[[ Entries supplied open ]]

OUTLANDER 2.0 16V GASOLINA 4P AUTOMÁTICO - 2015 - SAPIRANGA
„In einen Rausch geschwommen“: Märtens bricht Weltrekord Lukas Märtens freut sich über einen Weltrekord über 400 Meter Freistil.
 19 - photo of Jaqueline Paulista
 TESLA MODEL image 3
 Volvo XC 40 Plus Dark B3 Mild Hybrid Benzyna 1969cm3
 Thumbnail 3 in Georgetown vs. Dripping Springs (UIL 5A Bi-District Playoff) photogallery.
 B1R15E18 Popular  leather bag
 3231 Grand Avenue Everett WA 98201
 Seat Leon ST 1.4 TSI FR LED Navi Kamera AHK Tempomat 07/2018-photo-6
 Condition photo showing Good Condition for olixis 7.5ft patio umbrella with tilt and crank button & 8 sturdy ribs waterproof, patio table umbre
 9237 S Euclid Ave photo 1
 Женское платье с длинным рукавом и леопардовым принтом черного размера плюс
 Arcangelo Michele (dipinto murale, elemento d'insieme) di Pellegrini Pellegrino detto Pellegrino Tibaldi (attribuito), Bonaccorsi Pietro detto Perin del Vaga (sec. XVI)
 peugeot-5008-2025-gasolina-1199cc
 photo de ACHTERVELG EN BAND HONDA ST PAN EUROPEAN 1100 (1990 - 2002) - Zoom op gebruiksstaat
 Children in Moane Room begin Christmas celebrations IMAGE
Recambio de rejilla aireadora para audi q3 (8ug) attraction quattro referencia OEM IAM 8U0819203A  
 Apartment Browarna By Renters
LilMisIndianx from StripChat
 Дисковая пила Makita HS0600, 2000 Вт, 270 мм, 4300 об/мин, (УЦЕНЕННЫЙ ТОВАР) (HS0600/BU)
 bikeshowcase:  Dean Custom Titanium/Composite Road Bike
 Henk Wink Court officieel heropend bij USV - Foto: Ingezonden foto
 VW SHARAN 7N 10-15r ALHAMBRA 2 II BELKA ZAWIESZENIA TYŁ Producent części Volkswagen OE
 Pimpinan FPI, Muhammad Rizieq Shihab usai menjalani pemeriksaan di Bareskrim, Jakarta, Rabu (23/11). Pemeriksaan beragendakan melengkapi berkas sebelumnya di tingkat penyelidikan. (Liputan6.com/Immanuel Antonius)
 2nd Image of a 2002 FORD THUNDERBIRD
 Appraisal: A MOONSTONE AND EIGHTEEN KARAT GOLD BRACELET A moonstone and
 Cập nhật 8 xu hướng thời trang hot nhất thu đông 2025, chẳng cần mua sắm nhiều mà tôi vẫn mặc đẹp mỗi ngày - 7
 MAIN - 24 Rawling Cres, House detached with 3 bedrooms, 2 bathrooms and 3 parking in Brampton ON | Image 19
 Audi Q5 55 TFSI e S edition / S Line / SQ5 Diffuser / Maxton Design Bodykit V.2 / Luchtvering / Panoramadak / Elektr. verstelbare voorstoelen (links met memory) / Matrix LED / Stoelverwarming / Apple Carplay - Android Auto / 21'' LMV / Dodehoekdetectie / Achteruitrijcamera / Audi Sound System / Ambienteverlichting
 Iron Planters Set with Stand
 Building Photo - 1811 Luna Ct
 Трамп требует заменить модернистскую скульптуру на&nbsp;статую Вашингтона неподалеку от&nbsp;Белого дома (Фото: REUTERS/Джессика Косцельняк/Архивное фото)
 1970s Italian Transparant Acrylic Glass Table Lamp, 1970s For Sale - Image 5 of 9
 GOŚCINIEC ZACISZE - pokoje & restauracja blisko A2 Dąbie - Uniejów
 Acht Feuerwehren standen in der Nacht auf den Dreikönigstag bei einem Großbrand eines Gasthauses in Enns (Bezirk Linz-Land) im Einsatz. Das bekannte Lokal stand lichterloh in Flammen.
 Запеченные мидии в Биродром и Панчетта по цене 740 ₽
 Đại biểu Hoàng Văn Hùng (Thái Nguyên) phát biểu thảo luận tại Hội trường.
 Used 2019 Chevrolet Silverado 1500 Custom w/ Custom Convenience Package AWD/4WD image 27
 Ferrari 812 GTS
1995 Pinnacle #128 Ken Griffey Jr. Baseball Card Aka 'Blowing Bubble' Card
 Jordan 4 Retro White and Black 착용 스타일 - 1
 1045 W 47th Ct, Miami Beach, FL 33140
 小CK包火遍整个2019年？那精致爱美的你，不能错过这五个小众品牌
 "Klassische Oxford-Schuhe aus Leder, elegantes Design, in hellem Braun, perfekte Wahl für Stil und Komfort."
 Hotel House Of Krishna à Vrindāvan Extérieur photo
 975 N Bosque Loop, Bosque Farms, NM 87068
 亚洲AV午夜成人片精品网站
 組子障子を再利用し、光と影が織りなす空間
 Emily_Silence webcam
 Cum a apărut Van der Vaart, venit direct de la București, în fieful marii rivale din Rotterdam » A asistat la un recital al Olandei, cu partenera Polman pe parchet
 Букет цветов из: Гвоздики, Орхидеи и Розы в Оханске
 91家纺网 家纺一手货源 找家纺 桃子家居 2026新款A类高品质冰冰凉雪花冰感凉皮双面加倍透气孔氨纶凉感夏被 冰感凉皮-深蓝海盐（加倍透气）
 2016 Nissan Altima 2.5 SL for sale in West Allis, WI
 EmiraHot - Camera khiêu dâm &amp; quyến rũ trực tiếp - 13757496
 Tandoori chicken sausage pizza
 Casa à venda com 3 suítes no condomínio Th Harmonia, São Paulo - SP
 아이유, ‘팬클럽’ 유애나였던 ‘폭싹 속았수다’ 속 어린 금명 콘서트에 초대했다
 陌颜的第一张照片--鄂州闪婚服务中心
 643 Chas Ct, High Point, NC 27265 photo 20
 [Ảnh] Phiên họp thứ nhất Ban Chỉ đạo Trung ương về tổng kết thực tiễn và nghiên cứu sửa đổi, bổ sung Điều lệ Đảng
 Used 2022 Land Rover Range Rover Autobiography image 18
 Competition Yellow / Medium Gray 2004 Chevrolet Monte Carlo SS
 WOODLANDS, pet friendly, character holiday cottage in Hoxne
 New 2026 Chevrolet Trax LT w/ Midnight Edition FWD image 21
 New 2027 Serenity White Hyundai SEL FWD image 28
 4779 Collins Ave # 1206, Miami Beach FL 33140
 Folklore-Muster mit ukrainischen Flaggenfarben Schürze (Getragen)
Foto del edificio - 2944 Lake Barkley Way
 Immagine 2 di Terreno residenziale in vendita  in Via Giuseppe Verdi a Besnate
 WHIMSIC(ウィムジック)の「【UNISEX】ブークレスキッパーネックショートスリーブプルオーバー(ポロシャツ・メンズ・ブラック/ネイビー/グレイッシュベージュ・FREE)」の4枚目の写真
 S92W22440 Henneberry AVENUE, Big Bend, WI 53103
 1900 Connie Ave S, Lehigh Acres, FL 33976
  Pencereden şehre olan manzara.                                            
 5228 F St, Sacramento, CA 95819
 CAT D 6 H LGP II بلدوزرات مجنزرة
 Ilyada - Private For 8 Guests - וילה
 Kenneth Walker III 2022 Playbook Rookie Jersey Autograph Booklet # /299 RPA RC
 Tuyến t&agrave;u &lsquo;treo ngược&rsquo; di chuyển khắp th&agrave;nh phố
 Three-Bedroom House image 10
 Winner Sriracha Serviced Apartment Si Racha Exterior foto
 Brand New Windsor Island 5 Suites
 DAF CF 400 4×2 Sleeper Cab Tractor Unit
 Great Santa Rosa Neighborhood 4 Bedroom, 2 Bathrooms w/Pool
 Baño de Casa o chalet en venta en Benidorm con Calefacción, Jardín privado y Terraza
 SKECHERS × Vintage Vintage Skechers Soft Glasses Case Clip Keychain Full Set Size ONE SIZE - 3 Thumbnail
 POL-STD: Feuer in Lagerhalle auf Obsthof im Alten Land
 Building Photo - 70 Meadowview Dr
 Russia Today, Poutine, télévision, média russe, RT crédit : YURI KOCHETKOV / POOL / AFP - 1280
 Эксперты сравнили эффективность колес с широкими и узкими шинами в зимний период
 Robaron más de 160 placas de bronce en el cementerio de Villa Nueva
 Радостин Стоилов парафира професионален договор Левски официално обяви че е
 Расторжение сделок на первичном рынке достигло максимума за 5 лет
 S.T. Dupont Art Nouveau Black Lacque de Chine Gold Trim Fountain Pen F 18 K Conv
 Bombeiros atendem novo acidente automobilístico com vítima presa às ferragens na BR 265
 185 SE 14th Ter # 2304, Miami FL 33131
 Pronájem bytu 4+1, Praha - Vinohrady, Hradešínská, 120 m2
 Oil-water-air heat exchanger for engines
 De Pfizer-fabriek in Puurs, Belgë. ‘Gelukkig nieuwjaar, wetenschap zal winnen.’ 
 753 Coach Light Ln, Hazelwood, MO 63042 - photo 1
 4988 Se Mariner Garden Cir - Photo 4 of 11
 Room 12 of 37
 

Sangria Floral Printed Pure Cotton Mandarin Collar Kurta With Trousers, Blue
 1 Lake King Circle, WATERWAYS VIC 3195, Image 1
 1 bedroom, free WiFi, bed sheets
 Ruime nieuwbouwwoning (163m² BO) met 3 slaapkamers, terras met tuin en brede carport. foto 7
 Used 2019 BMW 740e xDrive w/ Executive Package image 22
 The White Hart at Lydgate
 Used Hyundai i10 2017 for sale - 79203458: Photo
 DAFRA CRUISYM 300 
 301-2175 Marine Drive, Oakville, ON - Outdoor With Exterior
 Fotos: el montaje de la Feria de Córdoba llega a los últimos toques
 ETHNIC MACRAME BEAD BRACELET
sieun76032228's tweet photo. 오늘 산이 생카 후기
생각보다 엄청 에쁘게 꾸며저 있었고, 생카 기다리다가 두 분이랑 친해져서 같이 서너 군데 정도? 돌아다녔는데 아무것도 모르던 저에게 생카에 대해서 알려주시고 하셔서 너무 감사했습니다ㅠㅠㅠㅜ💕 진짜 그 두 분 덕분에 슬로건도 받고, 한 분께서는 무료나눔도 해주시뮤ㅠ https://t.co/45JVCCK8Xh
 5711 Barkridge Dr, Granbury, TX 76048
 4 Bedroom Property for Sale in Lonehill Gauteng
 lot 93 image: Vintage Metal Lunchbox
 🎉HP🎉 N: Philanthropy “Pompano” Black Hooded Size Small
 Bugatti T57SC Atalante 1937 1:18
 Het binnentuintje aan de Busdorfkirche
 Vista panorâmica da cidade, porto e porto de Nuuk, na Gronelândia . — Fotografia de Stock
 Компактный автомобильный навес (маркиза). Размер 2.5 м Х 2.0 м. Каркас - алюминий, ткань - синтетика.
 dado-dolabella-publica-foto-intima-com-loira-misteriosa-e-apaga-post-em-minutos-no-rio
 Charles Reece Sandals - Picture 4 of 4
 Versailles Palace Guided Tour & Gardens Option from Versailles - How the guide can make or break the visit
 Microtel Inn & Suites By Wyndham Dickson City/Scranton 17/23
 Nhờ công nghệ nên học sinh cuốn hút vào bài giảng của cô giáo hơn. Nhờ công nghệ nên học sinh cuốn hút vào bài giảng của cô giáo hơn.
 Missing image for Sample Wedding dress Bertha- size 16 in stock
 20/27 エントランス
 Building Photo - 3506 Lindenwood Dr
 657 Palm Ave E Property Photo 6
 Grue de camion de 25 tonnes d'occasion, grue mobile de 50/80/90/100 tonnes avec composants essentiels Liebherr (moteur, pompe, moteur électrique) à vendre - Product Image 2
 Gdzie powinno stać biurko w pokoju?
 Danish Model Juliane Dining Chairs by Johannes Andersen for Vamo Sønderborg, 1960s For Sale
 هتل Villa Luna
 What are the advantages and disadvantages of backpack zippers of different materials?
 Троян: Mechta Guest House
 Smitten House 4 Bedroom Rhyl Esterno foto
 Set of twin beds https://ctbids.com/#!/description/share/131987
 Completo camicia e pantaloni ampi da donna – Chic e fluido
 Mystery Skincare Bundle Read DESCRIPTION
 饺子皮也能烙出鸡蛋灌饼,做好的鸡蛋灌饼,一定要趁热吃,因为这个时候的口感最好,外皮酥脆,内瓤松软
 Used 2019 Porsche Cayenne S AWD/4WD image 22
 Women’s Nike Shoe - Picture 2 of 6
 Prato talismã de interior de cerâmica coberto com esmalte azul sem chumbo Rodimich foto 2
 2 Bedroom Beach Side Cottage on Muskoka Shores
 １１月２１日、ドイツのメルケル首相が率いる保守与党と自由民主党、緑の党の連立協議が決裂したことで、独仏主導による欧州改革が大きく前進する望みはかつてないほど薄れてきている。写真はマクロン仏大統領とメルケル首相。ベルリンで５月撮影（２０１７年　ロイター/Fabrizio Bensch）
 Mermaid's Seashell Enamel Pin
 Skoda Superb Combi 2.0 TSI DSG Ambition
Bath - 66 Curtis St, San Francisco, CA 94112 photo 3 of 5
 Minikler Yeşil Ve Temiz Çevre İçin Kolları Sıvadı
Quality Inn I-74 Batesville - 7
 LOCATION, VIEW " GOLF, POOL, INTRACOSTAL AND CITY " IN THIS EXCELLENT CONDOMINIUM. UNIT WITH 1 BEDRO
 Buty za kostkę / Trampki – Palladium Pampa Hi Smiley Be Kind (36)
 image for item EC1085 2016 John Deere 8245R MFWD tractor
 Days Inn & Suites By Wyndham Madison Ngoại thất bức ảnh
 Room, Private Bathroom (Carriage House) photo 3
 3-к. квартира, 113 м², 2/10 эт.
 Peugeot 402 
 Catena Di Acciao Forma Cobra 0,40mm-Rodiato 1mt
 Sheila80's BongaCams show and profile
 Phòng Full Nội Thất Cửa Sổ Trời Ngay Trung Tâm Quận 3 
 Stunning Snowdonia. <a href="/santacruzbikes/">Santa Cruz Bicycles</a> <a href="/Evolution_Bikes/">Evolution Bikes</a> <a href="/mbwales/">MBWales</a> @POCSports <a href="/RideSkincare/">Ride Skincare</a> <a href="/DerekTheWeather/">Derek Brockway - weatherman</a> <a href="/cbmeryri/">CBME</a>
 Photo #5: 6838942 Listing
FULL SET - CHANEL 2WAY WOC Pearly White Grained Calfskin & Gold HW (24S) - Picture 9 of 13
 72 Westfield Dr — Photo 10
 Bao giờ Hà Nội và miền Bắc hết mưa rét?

[[ Entries supplied closed ]]

Work instruction
Which lines contain "Santa"? Copy each of them from the listing.

Result of the task
 Great Santa Rosa Neighborhood 4 Bedroom, 2 Bathrooms w/Pool
 Stunning Snowdonia. <a href="/santacruzbikes/">Santa Cruz Bicycles</a> <a href="/Evolution_Bikes/">Evolution Bikes</a> <a href="/mbwales/">MBWales</a> @POCSports <a href="/RideSkincare/">Ride Skincare</a> <a href="/DerekTheWeather/">Derek Brockway - weatherman</a> <a href="/cbmeryri/">CBME</a>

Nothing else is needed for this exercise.